What we teach matters has been written in collaboration with Prof. David Steiner, Executive Director of the Johns Hopkins Institute for Education Policy, one of the world’s leading thinkers on the role of curriculum in school education reform. As Dr Steiner says, “What we teach isn’t some side bar issue in American education: it is American education.” The same is true in Australia and around the world. Yet for too long, millions of students have been taught with low-quality materials or with materials that time-poor teachers have cobbled together from various sources, reducing their capacity to exercise the many skills on which good teaching depends. But a number of systems in the US and Australia are beginning to put curriculum at the heart of their school improvement efforts – and it seems to be paying off.

The research is increasingly clear that quality curriculum matters to student achievement. What’s more, there is emerging evidence to suggest that quality curriculum has a larger cumulative impact on student achievement than many common school improvement interventions – and at a lower cost.

Much recent research on the impact of curriculum on student learning has emerged from the US since the development of the Common Core State Standards. This research focuses on content-rich, standards aligned curriculum materials, especially textbooks.

Several US states and districts, such as Louisiana, have begun to develop systems to identify and make available high-quality curriculum materials – and the approach seems to have paid off. The experience of these American states and districts reinforces some of Learning First’s research findings in high-performing systems such as Finland, Singapore, Japan, Hong Kong, and British Columbia. In these places, high-quality curriculum is always part of the story.

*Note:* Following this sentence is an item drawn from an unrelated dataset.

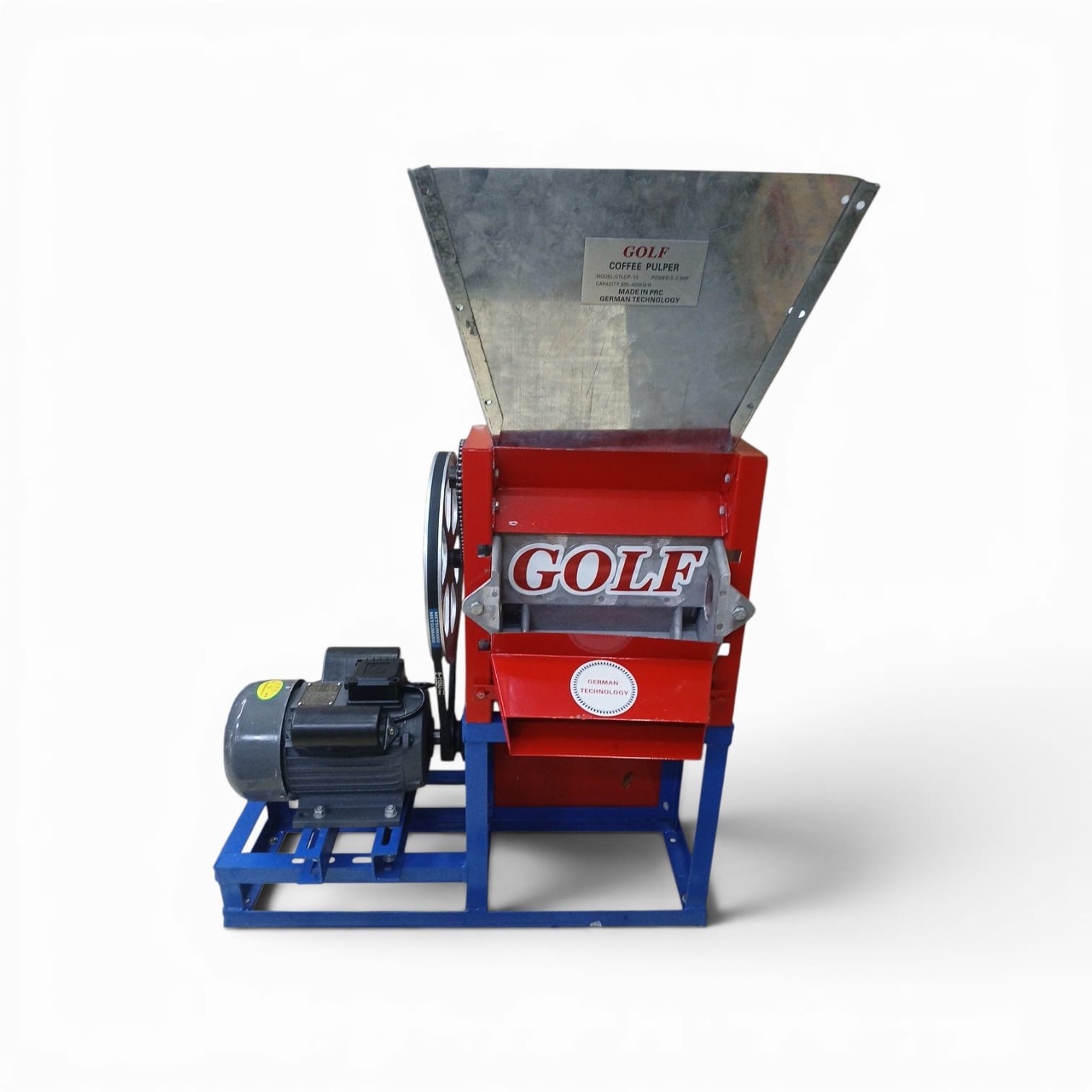 Golf coffee pulper with 2hp motor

What does this mean for educators and policymakers? How do we ensure that schools have the support they need to select or develop high-quality curriculum aligned with rigorous standards for student learning? How do we narrow the gap between the achievement standards that sit on department of education websites, and what is actually taught in classrooms? How can policymakers meaningfully engage with teachers, support and make the most of their instructional expertise, and encourage uptake of quality curriculum? What is there to learn from how other systems have designed and implemented standards and curriculum, and what are the implications for related policy levers, especially initial teacher education, ongoing teacher professional learning, and student assessments? Finally – and critically – how do we define high-quality curriculum in the first place?

The answers to these questions have profound implications for education policy in Australia, the United States, and around the world. This series of reports draws on international research to inform the conversation.